◆ ABOUT THIS TASK ◆
Set the data down once more, in full and exactly.

--- DATA ---

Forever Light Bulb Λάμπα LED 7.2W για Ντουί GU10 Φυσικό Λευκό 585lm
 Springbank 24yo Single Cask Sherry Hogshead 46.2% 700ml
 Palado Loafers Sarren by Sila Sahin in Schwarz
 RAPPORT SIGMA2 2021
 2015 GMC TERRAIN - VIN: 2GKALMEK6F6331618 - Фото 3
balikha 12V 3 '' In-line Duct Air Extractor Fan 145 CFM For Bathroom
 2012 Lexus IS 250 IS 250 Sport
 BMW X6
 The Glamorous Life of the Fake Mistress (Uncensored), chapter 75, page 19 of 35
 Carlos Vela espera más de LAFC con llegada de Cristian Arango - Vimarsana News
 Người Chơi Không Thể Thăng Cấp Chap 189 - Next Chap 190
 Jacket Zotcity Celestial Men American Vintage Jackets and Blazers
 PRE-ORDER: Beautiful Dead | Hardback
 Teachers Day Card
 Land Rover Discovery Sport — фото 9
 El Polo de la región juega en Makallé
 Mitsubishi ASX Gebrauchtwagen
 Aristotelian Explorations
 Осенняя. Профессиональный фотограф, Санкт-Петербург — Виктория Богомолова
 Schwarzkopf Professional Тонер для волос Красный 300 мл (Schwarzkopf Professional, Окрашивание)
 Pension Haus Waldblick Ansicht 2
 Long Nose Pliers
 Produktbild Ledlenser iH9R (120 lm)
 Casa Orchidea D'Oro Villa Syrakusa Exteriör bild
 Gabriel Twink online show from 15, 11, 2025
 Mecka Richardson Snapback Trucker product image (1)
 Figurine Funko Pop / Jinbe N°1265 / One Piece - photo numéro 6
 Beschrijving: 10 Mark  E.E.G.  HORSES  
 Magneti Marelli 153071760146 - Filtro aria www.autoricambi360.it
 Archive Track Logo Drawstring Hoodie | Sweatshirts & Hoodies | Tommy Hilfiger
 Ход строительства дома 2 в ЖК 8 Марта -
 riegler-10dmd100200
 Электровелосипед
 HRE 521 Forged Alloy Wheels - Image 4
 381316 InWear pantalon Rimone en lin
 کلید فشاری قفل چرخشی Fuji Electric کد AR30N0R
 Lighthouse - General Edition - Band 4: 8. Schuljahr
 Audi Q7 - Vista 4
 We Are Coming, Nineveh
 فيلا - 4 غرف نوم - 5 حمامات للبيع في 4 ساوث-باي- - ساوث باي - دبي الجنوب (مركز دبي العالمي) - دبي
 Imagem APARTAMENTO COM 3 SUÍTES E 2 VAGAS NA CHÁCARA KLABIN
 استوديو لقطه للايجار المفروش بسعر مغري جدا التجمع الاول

---

◆ OUTPUT BELOW ◆
Forever Light Bulb Λάμπα LED 7.2W για Ντουί GU10 Φυσικό Λευκό 585lm
 Springbank 24yo Single Cask Sherry Hogshead 46.2% 700ml
 Palado Loafers Sarren by Sila Sahin in Schwarz
 RAPPORT SIGMA2 2021
 2015 GMC TERRAIN - VIN: 2GKALMEK6F6331618 - Фото 3
balikha 12V 3 '' In-line Duct Air Extractor Fan 145 CFM For Bathroom
 2012 Lexus IS 250 IS 250 Sport
 BMW X6
 The Glamorous Life of the Fake Mistress (Uncensored), chapter 75, page 19 of 35
 Carlos Vela espera más de LAFC con llegada de Cristian Arango - Vimarsana News
 Người Chơi Không Thể Thăng Cấp Chap 189 - Next Chap 190
 Jacket Zotcity Celestial Men American Vintage Jackets and Blazers
 PRE-ORDER: Beautiful Dead | Hardback
 Teachers Day Card
 Land Rover Discovery Sport — фото 9
 El Polo de la región juega en Makallé
 Mitsubishi ASX Gebrauchtwagen
 Aristotelian Explorations
 Осенняя. Профессиональный фотограф, Санкт-Петербург — Виктория Богомолова
 Schwarzkopf Professional Тонер для волос Красный 300 мл (Schwarzkopf Professional, Окрашивание)
 Pension Haus Waldblick Ansicht 2
 Long Nose Pliers
 Produktbild Ledlenser iH9R (120 lm)
 Casa Orchidea D'Oro Villa Syrakusa Exteriör bild
 Gabriel Twink online show from 15, 11, 2025
 Mecka Richardson Snapback Trucker product image (1)
 Figurine Funko Pop / Jinbe N°1265 / One Piece - photo numéro 6
 Beschrijving: 10 Mark  E.E.G.  HORSES  
 Magneti Marelli 153071760146 - Filtro aria www.autoricambi360.it
 Archive Track Logo Drawstring Hoodie | Sweatshirts & Hoodies | Tommy Hilfiger
 Ход строительства дома 2 в ЖК 8 Марта -
 riegler-10dmd100200
 Электровелосипед
 HRE 521 Forged Alloy Wheels - Image 4
 381316 InWear pantalon Rimone en lin
 کلید فشاری قفل چرخشی Fuji Electric کد AR30N0R
 Lighthouse - General Edition - Band 4: 8. Schuljahr
 Audi Q7 - Vista 4
 We Are Coming, Nineveh
 فيلا - 4 غرف نوم - 5 حمامات للبيع في 4 ساوث-باي- - ساوث باي - دبي الجنوب (مركز دبي العالمي) - دبي
 Imagem APARTAMENTO COM 3 SUÍTES E 2 VAGAS NA CHÁCARA KLABIN
 استوديو لقطه للايجار المفروش بسعر مغري جدا التجمع الاول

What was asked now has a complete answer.